A Comissão Política do Comité Central do PCP procedeu a uma primeira avaliação do Orçamento do Estado para 1996 apresentado pelo Governo PS. E, independen- temente de um estudo mais detalhado das políticas inscritas nas Grandes Opções do Plano e suportadas pelo Orçamento do Estado, é possível declarar desde já a nossa completa discordância e oposição ao seu conteúdo essencial e às suas orientações fundamentais.
1.
É um orçamento determinado pela obediência mais estrita aos critérios de Maastricht e aos ritmos impostos pela União Económica e Monetária, e não pelos interesses do crescimento económico, do emprego, da dinamização do mercado interno, da defesa do sector produtivo, da resposta aos principais e mais urgentes problemas da sociedade portuguesa, inclusive da rectificação da ruinosa política do cavaquismo.
É um Orçamento que vai provocar mais desemprego
É um orçamento que mantém as opções e a matriz de classe dos orçamentos elaborados pelos governos do PSD/Cavaco Silva, concretizado em políticas fiscais e despesas sociais não correctoras das profundas desigualdades da distribuição do Rendimento Nacional. A carga fiscal continuará a distribuir-se fundamentalmente sobre os que trabalham, continuando os benefícios fiscais ao grande capital e, sobretudo, ao capital especulativo. A ligeira subida do peso das despesas com a função social não será a redistribuição que era necessário e possível fazer a favor dos que mais precisam.
É um orçamento que, reclamando-se do rigor e de um uso criterioso dos dinheiros públicos, pretende estabelecer novas linhas orçamentais para reforçar as indemnizações aos antigos (e hoje novamente) donos de empresas do sector público («recálculo dos valores definitivos das empresas nacionalizadas») e acrescer as indemnizações dos latifundiários dos «juros de anos anteriores», e ainda o perdão dos empréstimos contraídos ao abrigo do Crédito Agrícola de Emergência.
É um orçamento que, articulado com o chamado Acordo de Concertação Social, da moderação salarial, da flexibilização e da polivalência para os trabalhadores, prevê a continuidade do assalto ao património público ao inscrever como receita a venda, por 360 milhões de contos, de significativo e valioso conjunto de empresas públicas, concretizando um atentado maior aos interesses da economia portuguesa, e tornando-a irreversivelmente periférica, apesar de, nas Grandes Opções do Plano, se afirmar como questão principal o «eliminar o risco de periferização da sociedade e da economia portuguesa».
Não é assim de admirar a efusiva emoção com que as organizações ao serviço dos interesses do grande capital português - CIP, CAP, CCP, AIPortuense - o saúdam e o defendem.
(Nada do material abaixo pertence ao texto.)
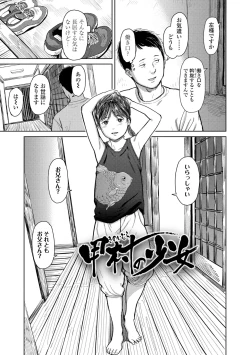 Page 39 of Over Kill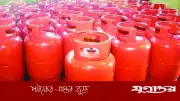 সারাদেশে অতিরিক্ত মূল্যে গ্যাস সিলিন্ডার বিক্রি: ব্যবসায়ীদের বিপদের মুখে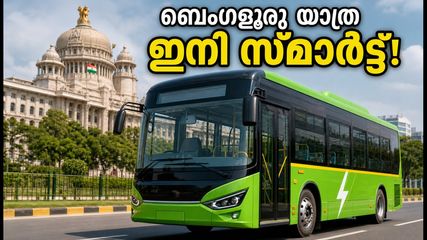 ബെംഗളൂരു യാത്ര ഇനി സ്മാർട്ടാകും; 4,500 ഇലക്ട്രിക് ബസുകൾക്ക് പച്ചക്കൊടി, അറിയേണ്ടതെല്ലാം!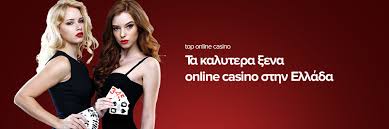 Ανακαλύπτοντας τα Καλύτερα Ελληνικά Online Casino Ανακαλύπτοντας τα Καλύτερα Ελληνικά Online Casino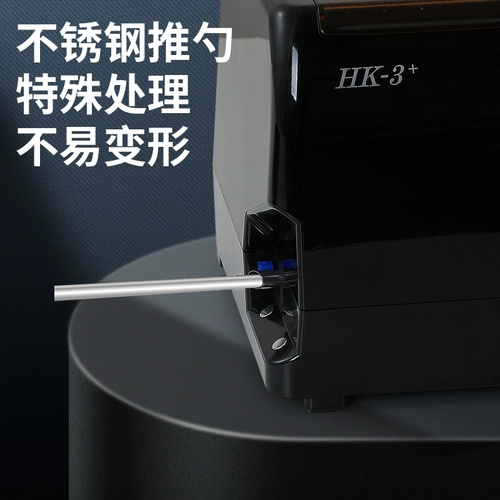 Бесплатная доставка на SF Express [Hawk-Matic] Hulk HK3+ Полностью автоматический электрический держатель сигарет 8,0 мм6,5 мм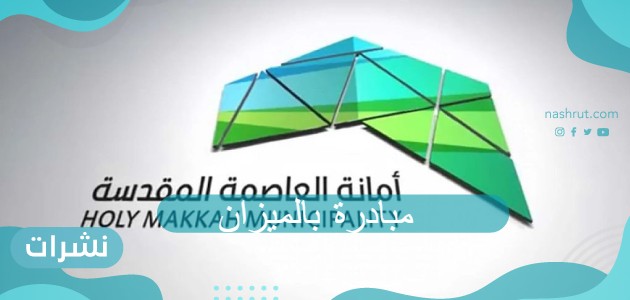 مبادرة بالميزان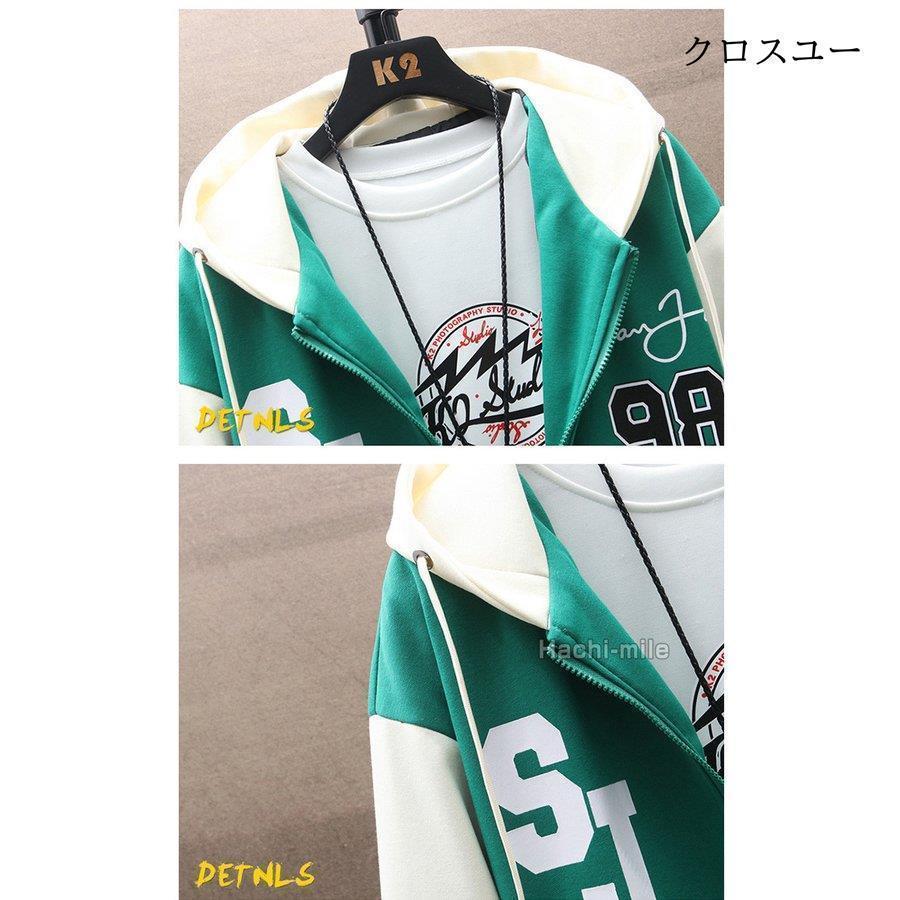 スタジャン メンズ フード付き ジップアップパーカー スカジャン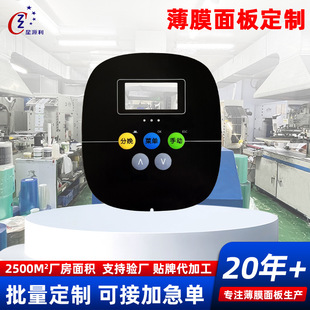 Customized Medical Instrument Equipment Panel Pet Domed Membrane Buttons for Induction Cooker Control of Medical Equipment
Não é assim de admirar a estranha, mas compreensível, intervenção dessas organizações, transformadas em correias de transmissão do Governo, na pressão junto dos seus partidos, o PSD e o PP/CDS, para a viabilização do Orçamento do Estado do Governo PS.
2.
Em relação ao Acordo de Concertação Social de curto prazo assinado pelo Governo, confederações patronais e UGT, a análise aprofundada do seu conteúdo e as declarações de alguns dirigentes da CIP em relação aos horários de trabalho e à polivalência, vieram confirmar e reforçar as grandes inquietações, a denúncia e o apelo ao esclarecimento e à mobilização dos trabalhadores feitos pelo PCP.
A Comissão Política do Comité Central do PCP não pode deixar de sublinhar o papel mais uma vez desempenhado pela UGT de ser a «peninha» com que o Governo enfeita e disfarça a mais completa subserviência às imposições do grande patronato. Não pode deixar de evidenciar o significado do Conselho de Concertação Social como o lugar onde o poder político encena o espectáculo que esconde a sua objectiva e indisfarçável aliança com os interesses do grande capital e dos latifundiários.
A Comissão Política não pode deixar de denunciar a extrema gravidade do comportamento do Governo do PS, que mais uma vez foi a porta por onde entraram as reivindicações da CIP/CAP/CCP, como aliás lembrou o vice-presidente da CIP, Nogueira Simões, ao referir a criação dos contratos a prazo por anterior governo do PS, porta que os governos do PSD e da direita não tiveram forças para abrir durante o consulado cavaquista.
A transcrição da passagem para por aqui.